* **ASSIGNED TASK**
From the entries that follow, reproduce exactly and only the lines from the line with "istock Woman Traveler" to the line with "Wall mural Young", endpoints included.

* **EXERCISE INPUT**
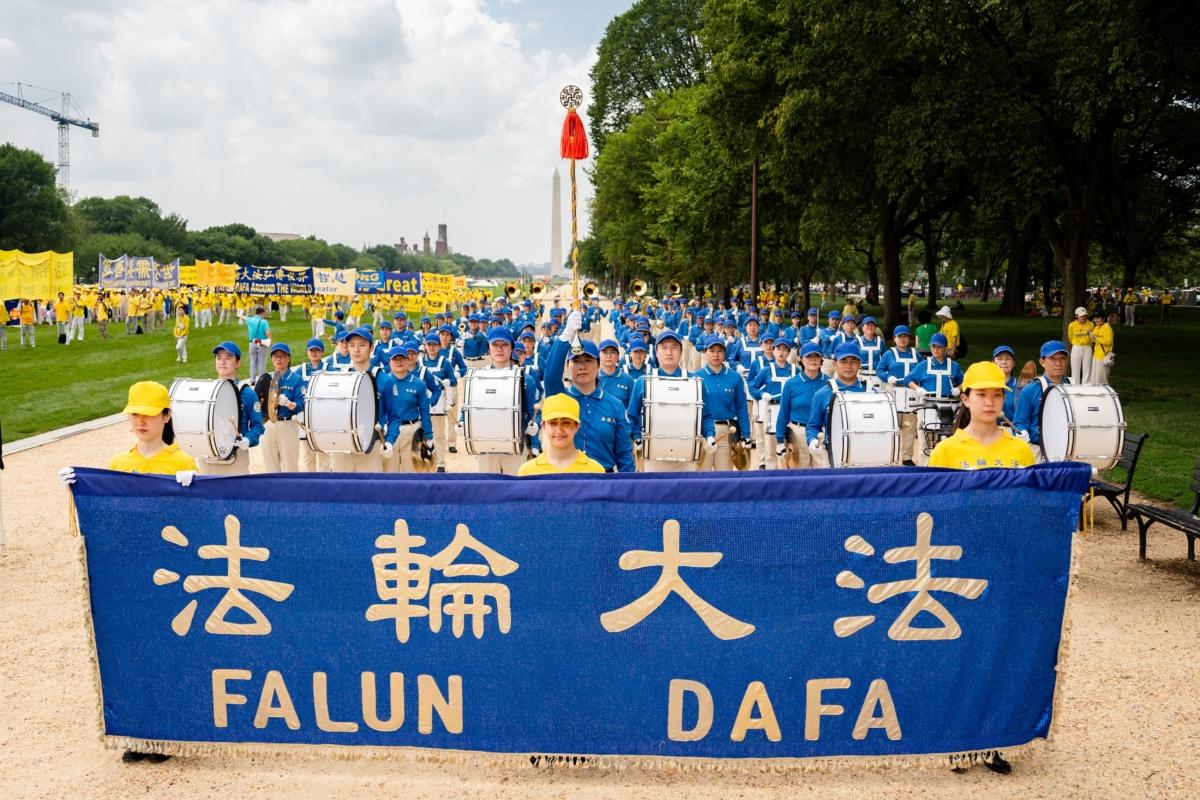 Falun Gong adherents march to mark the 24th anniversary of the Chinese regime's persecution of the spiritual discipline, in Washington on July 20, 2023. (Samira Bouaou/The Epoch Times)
...
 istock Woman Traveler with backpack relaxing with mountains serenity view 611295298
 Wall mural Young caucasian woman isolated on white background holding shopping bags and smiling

* **ANSWER BOX**
 istock Woman Traveler with backpack relaxing with mountains serenity view 611295298
 Wall mural Young caucasian woman isolated on white background holding shopping bags and smiling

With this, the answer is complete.